Below are records with pictures; copy word for word only the lines between the line with "Welcome to today's" and the line with "Type in the", inclusive, and drop the pictures.

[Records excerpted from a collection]
■ ■ ■ ■ ■

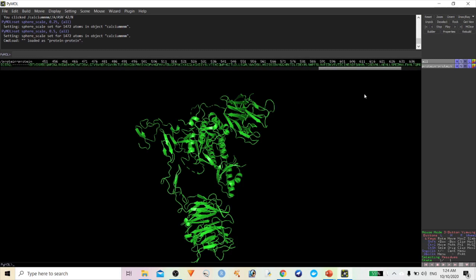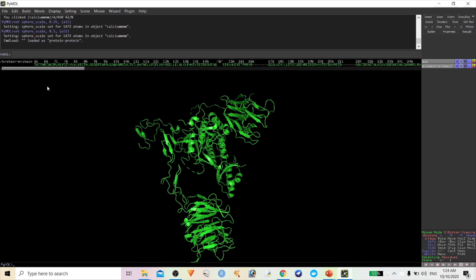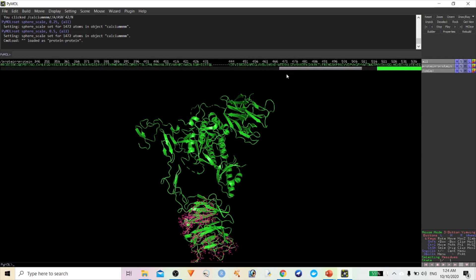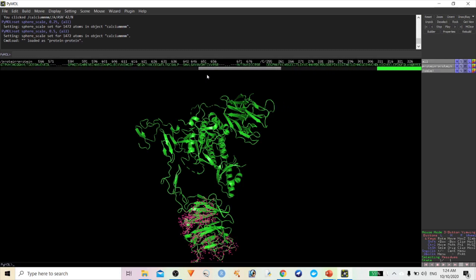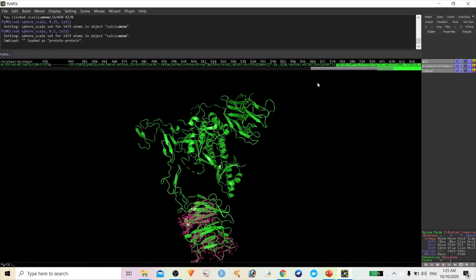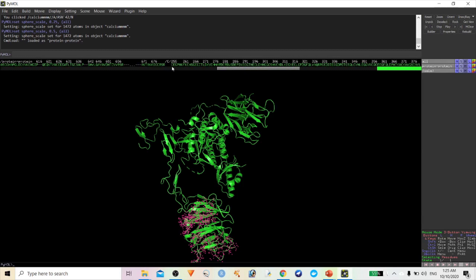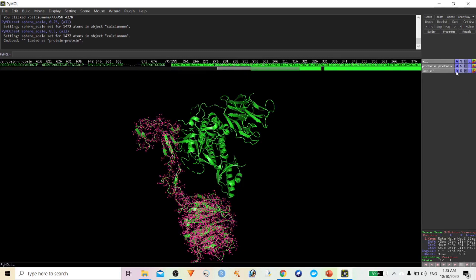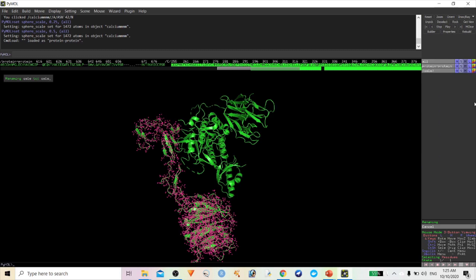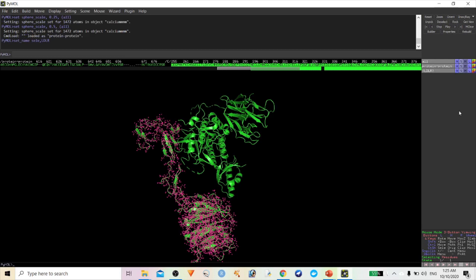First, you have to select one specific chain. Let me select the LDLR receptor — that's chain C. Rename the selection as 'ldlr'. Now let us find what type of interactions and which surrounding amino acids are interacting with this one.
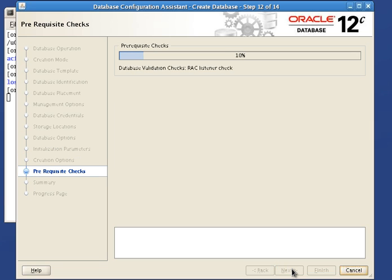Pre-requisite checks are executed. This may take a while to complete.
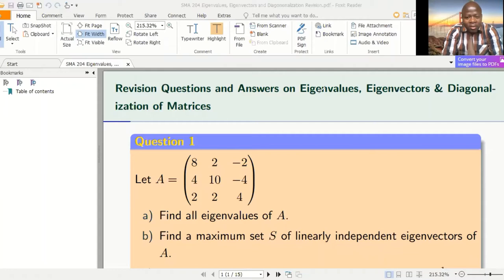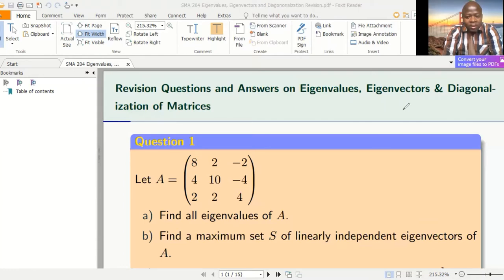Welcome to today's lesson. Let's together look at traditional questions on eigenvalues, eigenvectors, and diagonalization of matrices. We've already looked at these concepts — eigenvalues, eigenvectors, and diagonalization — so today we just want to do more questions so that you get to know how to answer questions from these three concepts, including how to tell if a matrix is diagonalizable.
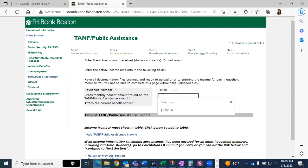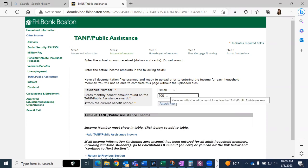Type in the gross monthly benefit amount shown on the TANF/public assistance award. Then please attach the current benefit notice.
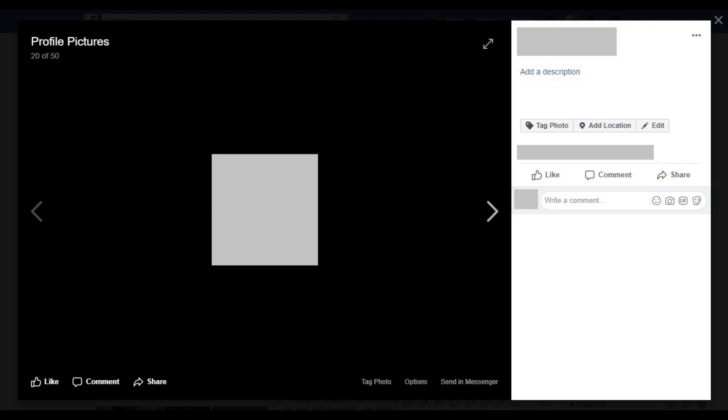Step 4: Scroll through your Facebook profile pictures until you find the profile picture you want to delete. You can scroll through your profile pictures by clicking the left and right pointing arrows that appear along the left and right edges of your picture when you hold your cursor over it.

■ ■ ■ ■ ■

## Solution
Welcome to today's lesson. Let's together look at traditional questions on eigenvalues, eigenvectors, and diagonalization of matrices. We've already looked at these concepts — eigenvalues, eigenvectors, and diagonalization — so today we just want to do more questions so that you get to know how to answer questions from these three concepts, including how to tell if a matrix is diagonalizable.
Type in the gross monthly benefit amount shown on the TANF/public assistance award. Then please attach the current benefit notice.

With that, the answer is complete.